Необходимо тщательно различать знание и истину. Любовь производит истину ситуации, в которой разъединение является законом. Эту истину она конструирует до бесконечности. Значит, истина никогда полностью не пре- зентирована. Любым знанием, связанным с этой истиной, можно располагать как предвосхищением: если эта незавершимая истина будет иметь место, какие суждения тогда будут пусть не истинными, но достоверными? Такова общая форма знания, обусловленного родовой процедурой или процедурой истины. Из технических соображений я назвал ее вынуждением[14]. Можно вынудить знание через гипотезу об имении-места истины, которая осуществляется. В случае любви осуществление истины обращено на разъединение. Каждый может вынудить знание о сексуированном разъединении исходя из любви, при гипотезе о том, что она имела место.
Но вынуждение осуществляется внутри ситуации, где действует любовь. Если истина одна, тогда вынуждение, а значит, и знание подчинены разъединению позиций. То, что исходя из любви знает «мужчина», и то, что знает «женщина», остается разъединенным. Иначе говоря: достоверные суждения о Двоице исходя из ее событийного открытия не могут совпадать. В частности, знания о поле сами остаются непоправимо сексуированными. Оба пола не то чтобы не знали о себе, но они достоверно знают о себе разъединенным образом.
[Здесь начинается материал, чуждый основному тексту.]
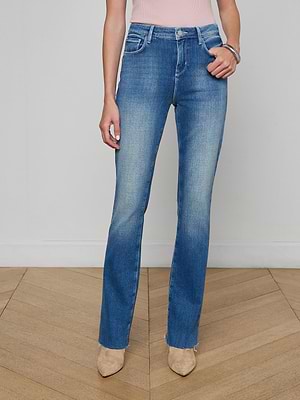 A woman models the Ruth Straight-Leg Jean, featuring a high-waisted fit and vintage wash, paired with beige pointed-toe shoes. She stands on a wooden floor against a plain white wall, with only her torso and legs visible.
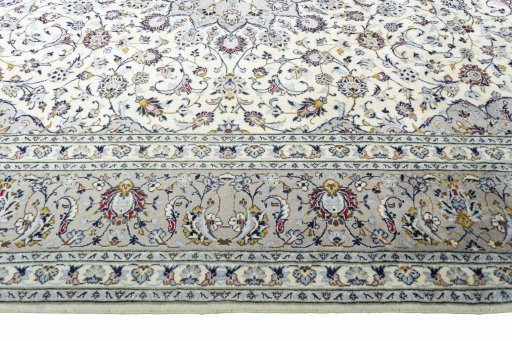 Corner detail of New Kashan rug showing border pattern and Wool pile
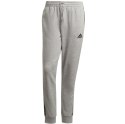 Adidas Spodnie męskie adidas Essentials Tapered Cuff 3 Stripes szare GK8889 Adidas Spodnie męskie adidas Essentials Tapered Cuff 3 Stripes szare GK8889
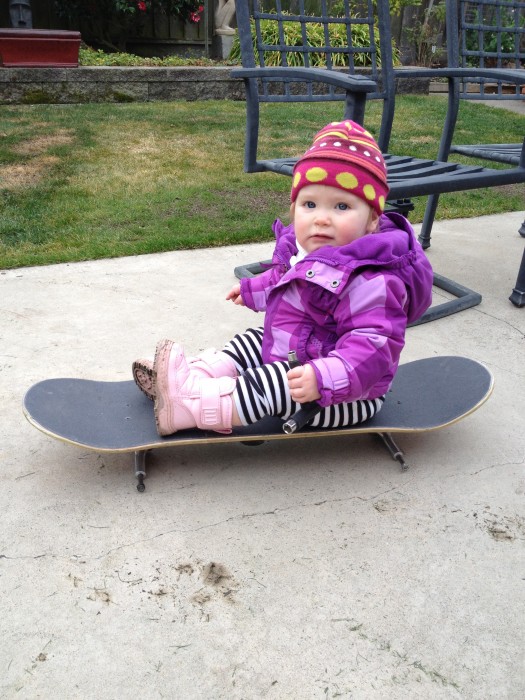 Helping to set up her skateboard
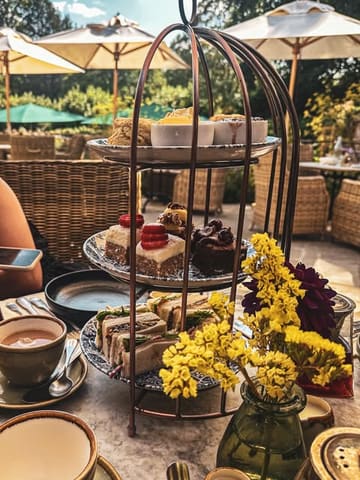A high-angle shot of an afternoon tea service presented on a birdcage-style stand, set on a table in an outdoor garden. The spread includes sandwiches, cakes, and scones, accompanied by a cup of tea and a vase of yellow flowers.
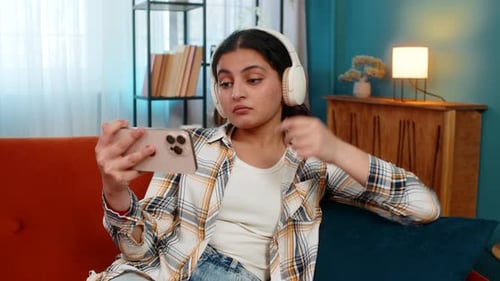 Young Woman Video Chatting on Mobile Phone at Home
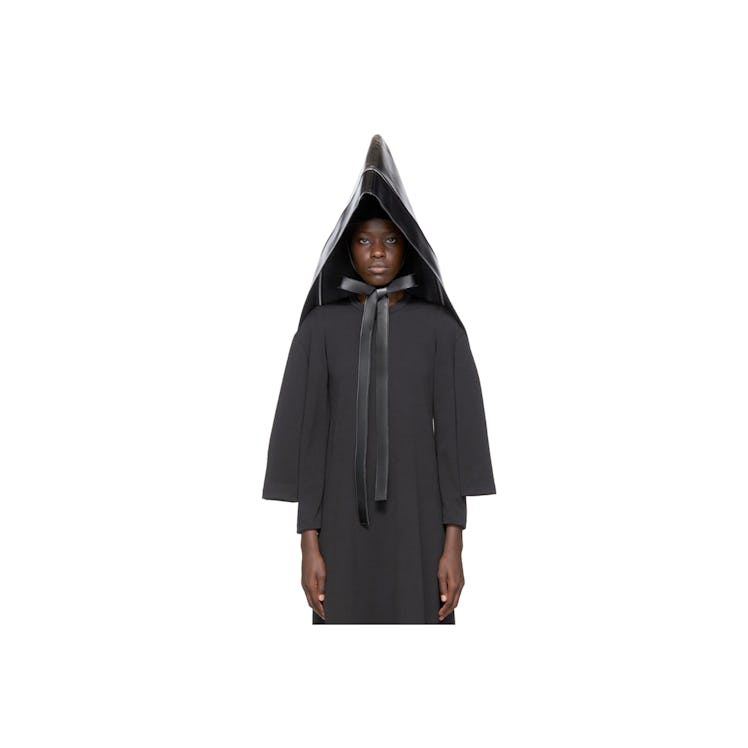 A model wearing a black faux leather oversized hood by Comme des Garcons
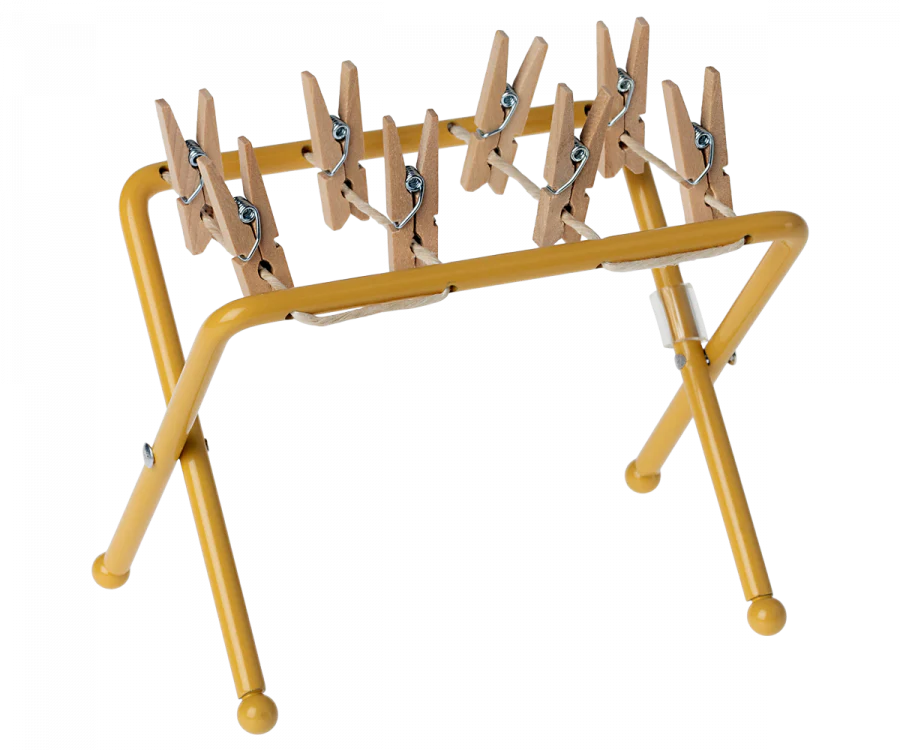 A yellow Maileg Drying Rack, Mouse Size is displayed with multiple small wooden pegs attached along the top bar. The pegs are evenly spaced and ready for use, while the rack stands on four rounded legs.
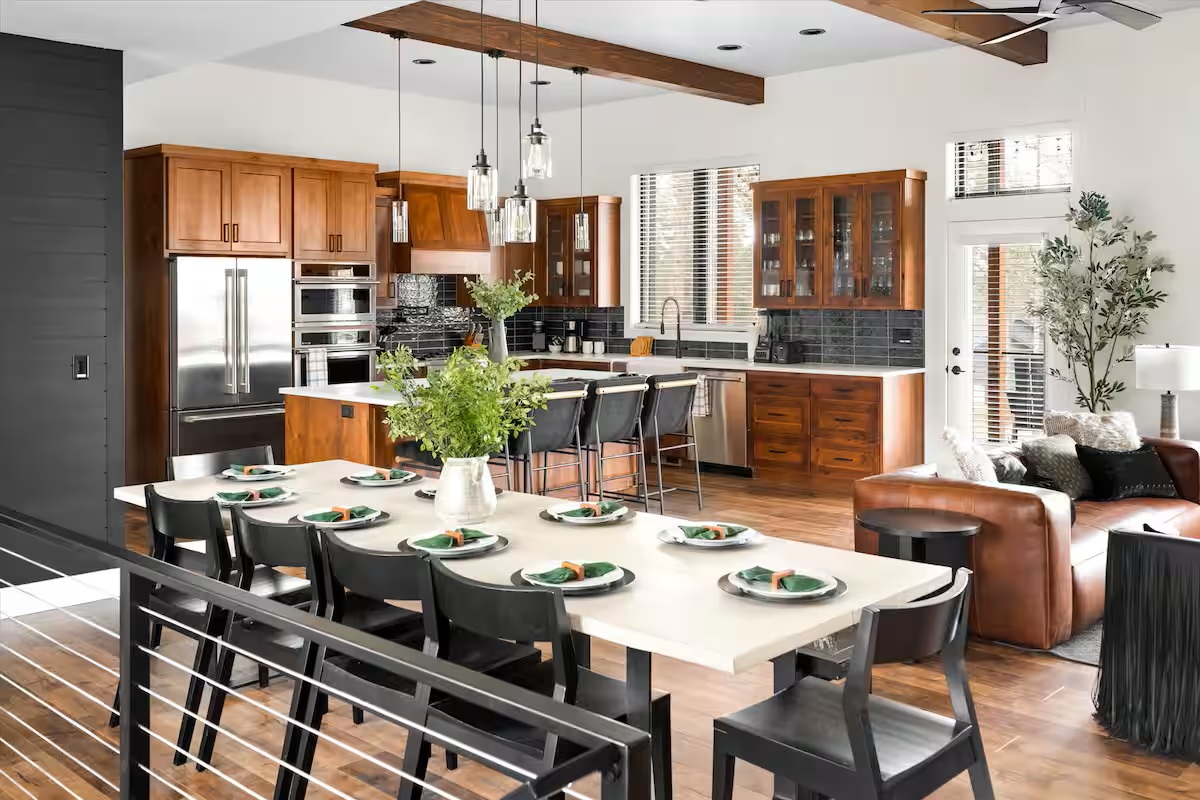 The Evergreen kitchen island and long dining table prepared for a group meal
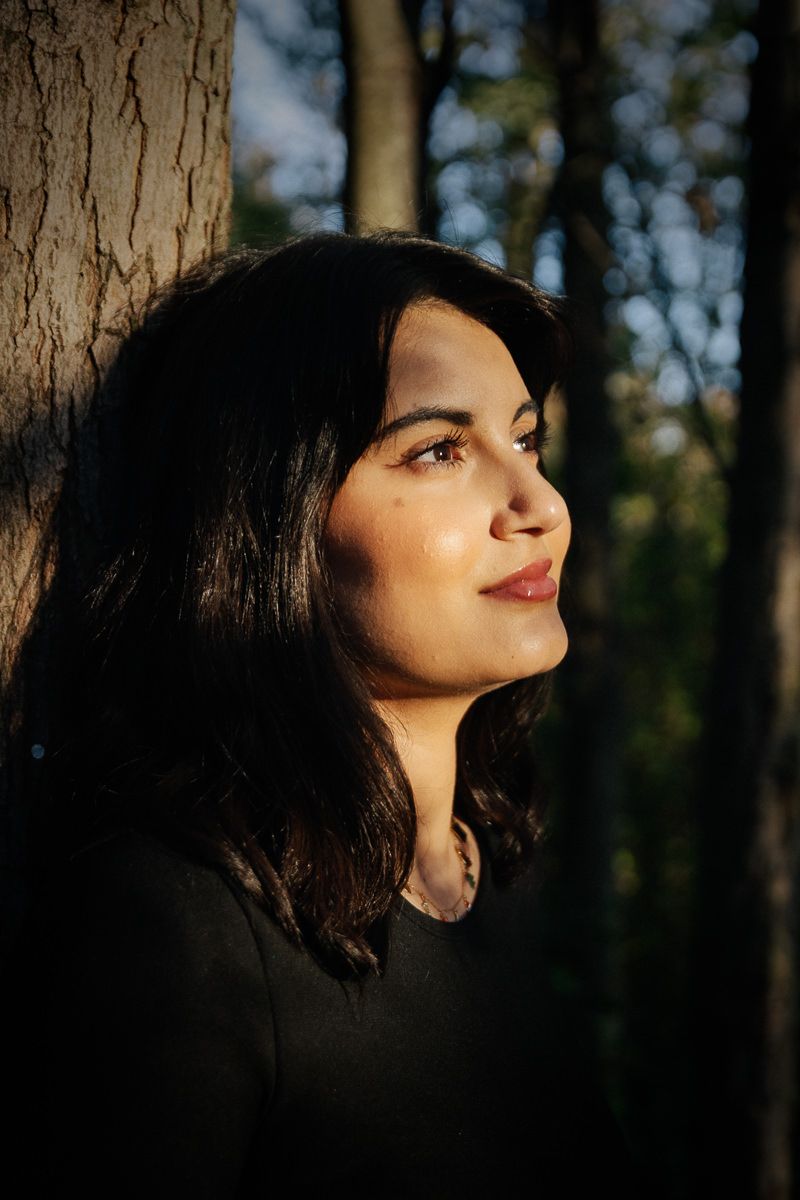 Dramatic close-up profile shots with natural forest lighting and dark contrasts.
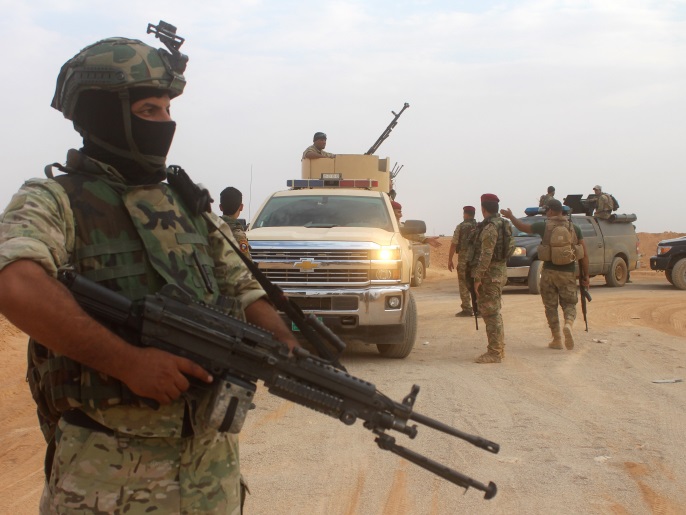 ‪(غيتي)‬ قوات عراقية شمال الأنبار قبل أربعة أيام خلال استعدادها لشن عملية عسكرية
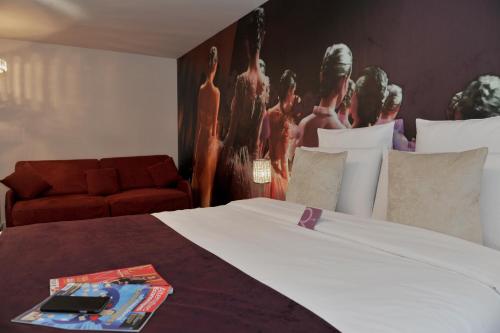 a bedroom with a bed and a painting on the wall at Mercure Paris Place d'Italie in Paris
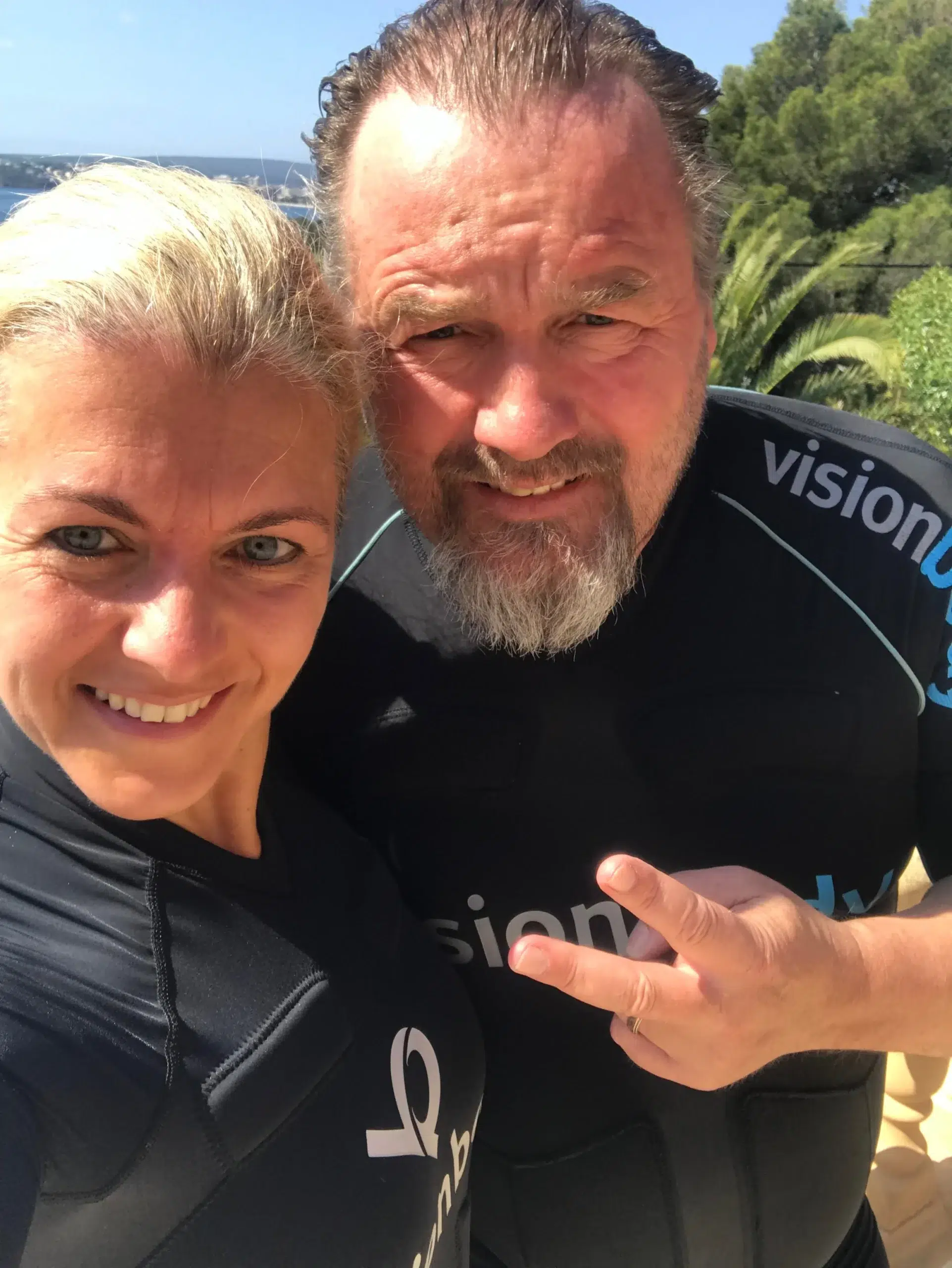 Two people in wetsuits, posing for a selfie outdoors.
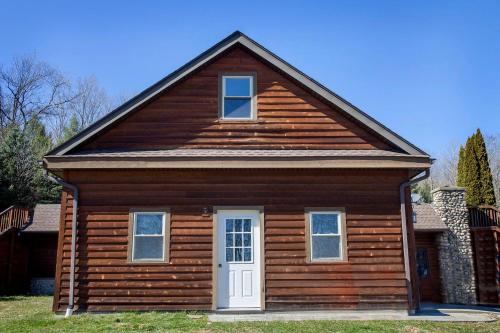 a wooden house with a white door and windows at Norris View in Dundee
Любовь является сценой, где осуществляется единая истина о сексуированных позициях, проходящая через непримиримый конфликт знаний.
Дело в том, что истина находится в точке не-знаемого. Знания являются достоверными и антиципирующими, но при этом разъединенными. Это разъединение формально представимо внутри инстанции Двоицы. Позиция «мужчины» утверждает расколотое в Двоице — то между-двумя, где находится пустота разъединения. Позиция «женщины» утверждает, что Двоица длится в блуждании. Я как-то предложил следующую формулу: знание мужчины направляет свои суждения на ничто Двоицы. Знание женщины — ни на что, кроме самой Двоицы. Можно также сказать, что сексуация знаний в любви разъединяет:
1) достоверное мужское высказывание: «Истинным будет то, что мы были двумя, но никоим образом не одним»;
2) не менее достоверное женское высказывание: «Истинным будет то, что мы были двумя, и иначе нас не было».
Женское высказывание направлено на само бытие. Таково ее предназначение — онтологическое — в любви. Мужское высказывание направлено на изменение числа, мучительное взламывание Единого гипотезой о Двоице. Оно сущностно логично.
Конфликт знаний в любви демонстрирует, что Единое какой-либо истины всегда предъявляется одновременно логически и онтологически. Это отсылает нас к Книге гамма «Метафизики» Аристотеля — и к прекрасному комментарию к этой книге, озаглавленному «Решение смысла», недавно появившемуся в издательстве «Врэн». Загадкой в этом тексте Аристотеля является переход между онтологической позицией науки о бытии- как-бытии и решающей позицией принципа тождества — чисто логического принципа. Этот переход переходим не более, чем переход от позиции мужчины к позиции женщины. Авторы комментария показывают, что Аристотель «вынужденно» впадает в опосредующий стиль — в опровержение софистов. Между онтологической и логической позициями есть лишь посредничество опровержения. Таким образом, каждая из позиций, вовлеченных в любовь, может войти в контакт с другой лишь как с некой софистикой, которую необходимо опровергнуть. Кому не знакома утомительная жестокость этих опровержений, в конце концов сводящихся к прискорбной фразе «ты меня не понимаешь»? Можно было бы сказать, что это раздраженная разновидность признания в любви. Кто действительно любит, тот плохо понимает.
Я не могу считать случайностью, что комментарий к Аристотелю, который я здесь использую для моих собственных целей, написан женщиной и мужчиной, Барбарой Кассэн и Мишелем Нарси.